Skip to main content

IMC 2013: Sessions

Session 831: Aspects of Language: Verbs, Grammar, Dialect

Tuesday 2 July 2013, 16.30-18.00

Moderator/Chair:Alaric Hall, Helsinki Collegium for Advanced Studies, University of Helsinki
Paper 831-aBede's Power Terminology
(Language: English)
Tibor Tarcsay, Bölcsészettudományi Kar és Társadalomtudományi Kar, Pázmány Péter Catholic University, Budapest
Index terms: Ecclesiastical History, Language and Literature - Old English, Language and Literature - Latin, Learning (The Classical Inheritance), Political Thought
Paper 831-bVerba communia: A Late Medieval Grammar Treatise
(Language: English)
Erika Kihlman, Romanska och klassiska institutionen, Stockholms Universitet
Index terms: Education, Language and Literature - Latin
Paper 831-c'Tant Dit Engleterre en Franceis' / 'Cum Dit Englelande en Engleis': The Influence of English Language, Prosody, and Poetry on the Anglo-Norman Dialect and Its Verse
(Language: English)
John C. Ford, Arts, Lettres & Langues, Université Jean-François Champollion
Index terms: Language and Literature - Comparative, Language and Literature - Middle English, Language and Literature - French or Occitan
Abstract

Paper -a:
Bede, as a late antique/early mediaeval author was steeped (partly self-imposedly) in the literature of Antiquity and of the Church Fathers.

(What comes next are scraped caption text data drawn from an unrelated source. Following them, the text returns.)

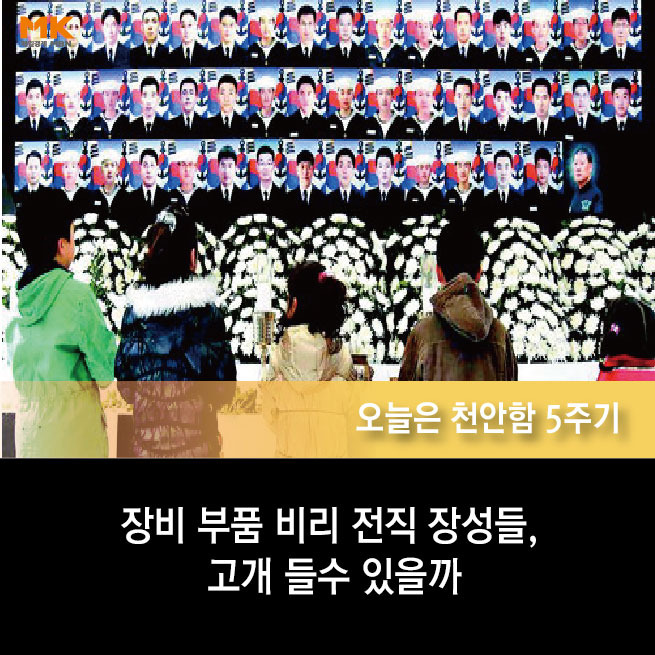 [카.매.오] 2015년 3월 26일 목요일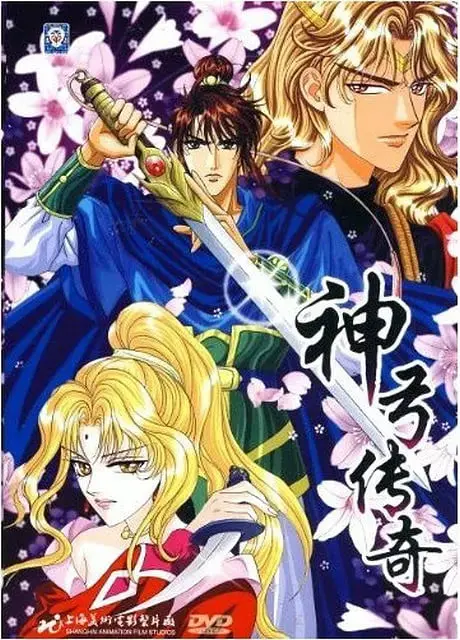 《神弓传奇》：一段荡气回肠的英雄史诗与<a href='/category/6/detail-2' target='_blank'>浪漫</a>爱情
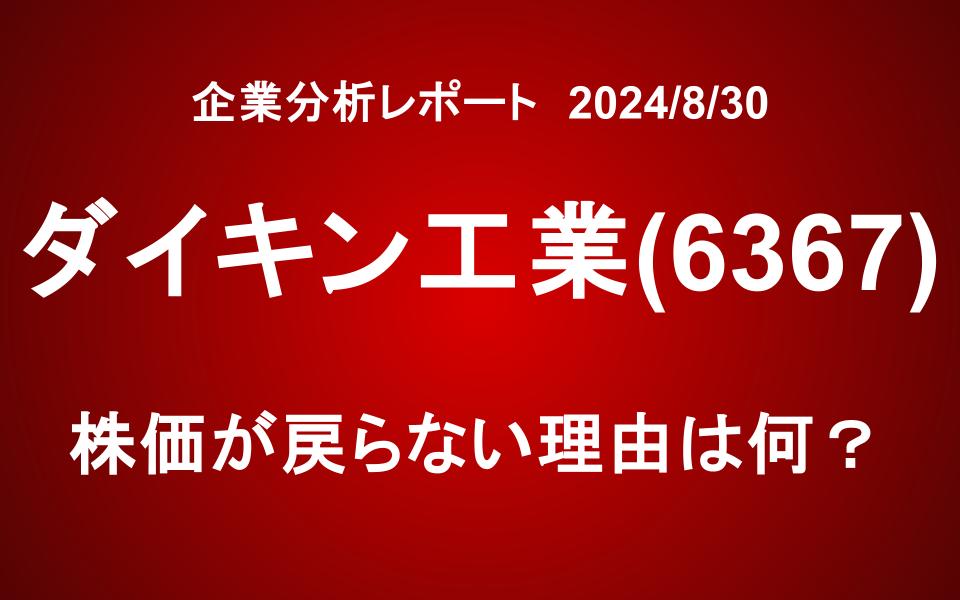 未だ暴落から回復せず... ダイキン工業は買いか？今、何が起きている？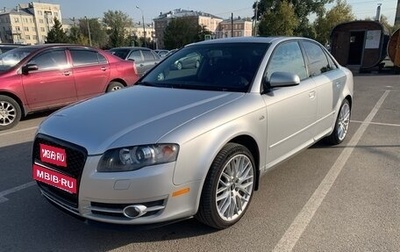 Audi A4, 2005 год, 1 100 000 рублей, 1 фотография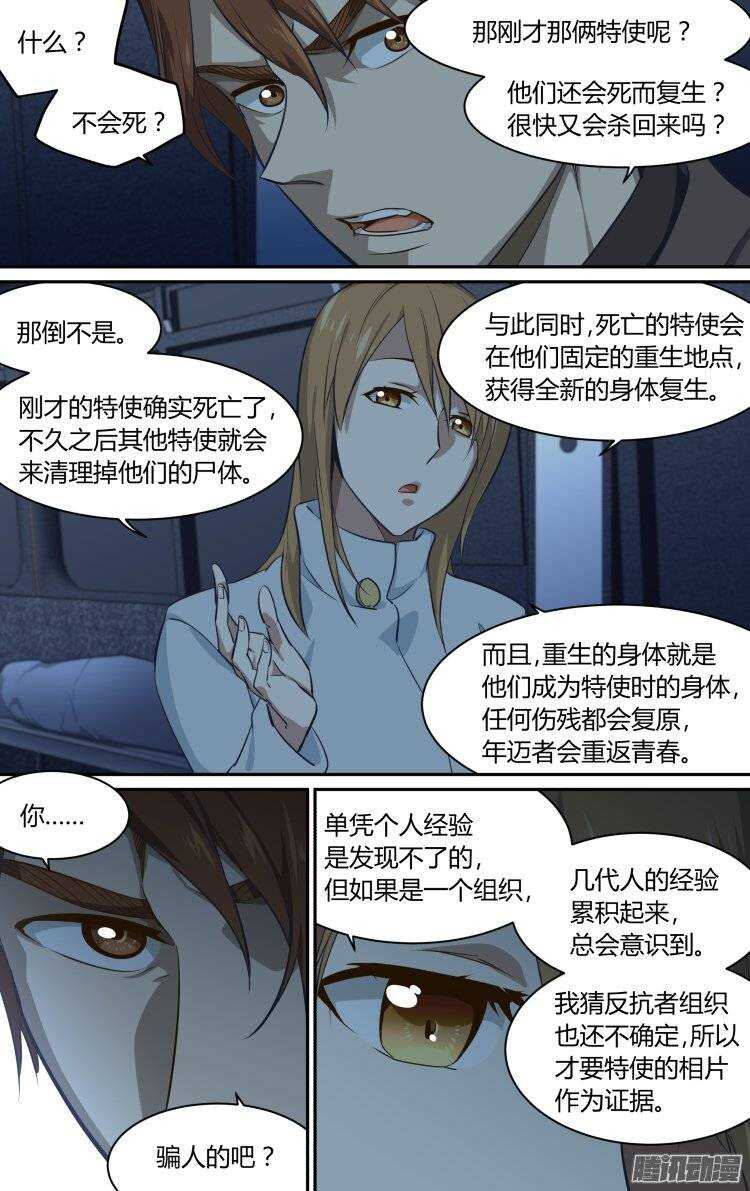 172-第171话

But his world was different from theirs: the sharp discontinuity between Roman and Anglo-Saxon Britain was not to be simply bridged. In writing his works, Bede consciously tired to imitate the Fathers: as he says, he traced his writings in vestigia patrum. I will investigate in my paper whether Bede successfully applied, especially in the Historia Eccelesiastica Gentis Anglorum, the Roman terminology of power which he could glean from the Fathers and Antique writers. This, especially the use of certain words (imperium, imperare, regnum), have been the subjects of heated debate, and much has already been said of them. But their use has rarely been examined in their own context: Bede's perforce limited understanding of Roman culture, his designs with the Historia, and his own cultural-spiritual predispositions. My thesis is that Bede simply did not understand the true meanings of Latin words of power, and did not differentiate between the niceties of their original (or contemporary Continental) uses. Instead, his employment of them is coloured by his religious convictions and his nationalistic outlook, and is based on the fact to whom he attributes power, and of whom he denies it.

Paper -b:
In the 15th century, Bero Magni de Ludosia, who left his native Sweden for the University of Vienna, is to have authored a versified grammatical treatise, the Verba communia, now preserved together with an anonymous commentary in a 1489 incunable. This paper will present Bero's work as an example of an Arts Master's text-book production. The treatise and, to a certain extent, its commentary will also be related to contemporary commentaries on the Doctrinale and with Bernhard Perger's Grammatices institutiones novae, which came to supplant Alexander de Villa Dei's treatise as the principal text book at the close of the century.

Paper -c:
Studies on linguistic change in post-Conquest England focus almost exclusively on French influences on English. This paper proposes that many changes (both in language and literature) were facilitated because English exerted enormous influence on Anglo-Norman. E.g., Anglo-Norman octosyllabic couplets - initially developed in England and rare in France - share much with the traditionally English four-beat lines of OE and eME poetry. This verse structure would only find acceptance if French-speakers in England could appreciate it. Approval might have come from familiarity with English verse, but it seems likely that English prosody had also affected Anglo-Norman isochrony, pulling it in the direction of a stress-timed language, making this structure particularly well suited to the insular French dialect.